Play around with these to see whether you’re happy with your brand breaking these rules from time to time.
Brands evolve over time, and that’s completely normal. It doesn’t mean you need a whole new style guide, but it does mean you need to make note of any changes to your style guide. This is known as a running updates list.
A good style guide will be easy to update. Keeping a running list of updates near the top of your style guide will make it a breeze for your editor to see any new changes at a glance.
The newest changes should be at the top of the list, pushing the older updates down. When an update is no longer relevant because a new update has made it redundant, remove it.

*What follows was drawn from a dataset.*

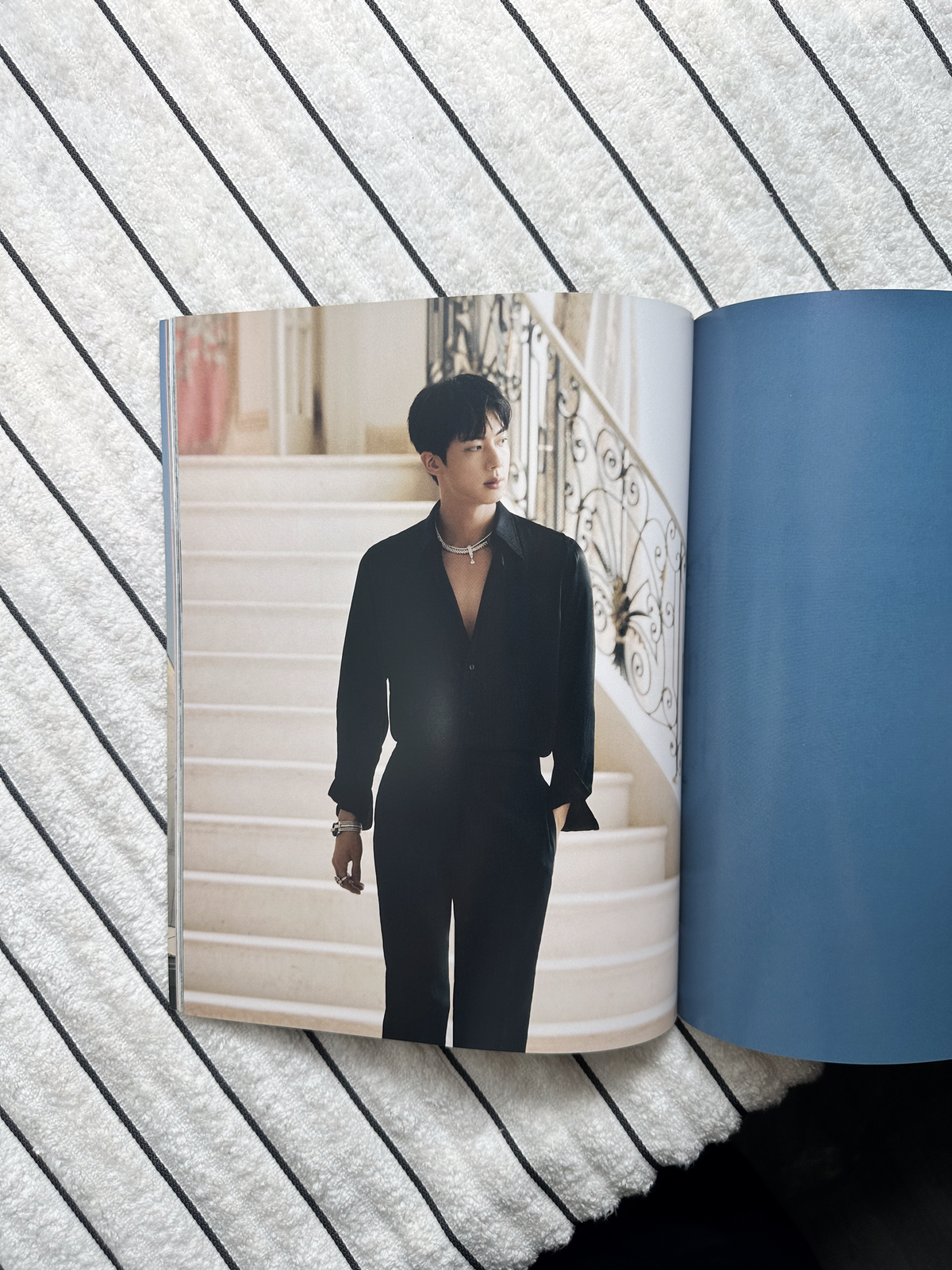 Vogue Korea Edisi Spesial Oktober 2024 menampilkan Jin BTS | Sampul A, B & C | Bekas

Not keeping a running updates list creates two challenges. The first is that your editors will have to read your style guide every time they work on a document, which isn’t an efficient use of their time. The second is that your editors may assume there haven’t been any changes and miss key updates.
With that in mind, a running updates list should be a priority for evolving style guides.
Having a triage list in your style guide can be quite helpful, especially if your style guide is long and complex. This is a list that will tell your content team and editors where they should focus their efforts, from most important to least important.
Your triage list should detail everything from your hard limits to things that are your preferences but not deal-breakers. For example, you might be adamant about using Oxford commas in all appropriate cases. Or you might not want your content to use the passive voice too often, but a few instances here and there are fine.
Making these guidelines clear to your editors will save them time and a lot of headaches. If you don’t have a triage list, your editors might spend too much time changing the passive voice to active when their time would be better spent adding in Oxford commas.
Your triage list doesn’t have to be in-depth, but it does need to be easy to read quickly.
There’s no right or wrong. But it pays to have a single-source style guide to make sure your content is consistent.
Before you start writing your style guide, take some time to consider how you want your brand to be perceived, what its values are, and who your audience is. Once you have that information, you can begin.
You’ll save yourself a lot of time and headaches by choosing a baseline style guide (e.g., APA, CMOS, or AP) and changing it to fit your own requirements.
Nothing is too insignificant to put in your style guide. Dig deep and don’t be afraid to go into the minor details of grammar, punctuation, and formatting. But remember to include a triage list so your editors know which guidelines are the most important to focus on.
If you’re having a hard time figuring out what to include in your style guide, ask an expert. It can be tricky to write a style guide for your own brand because you may be too close to it to make objective decisions.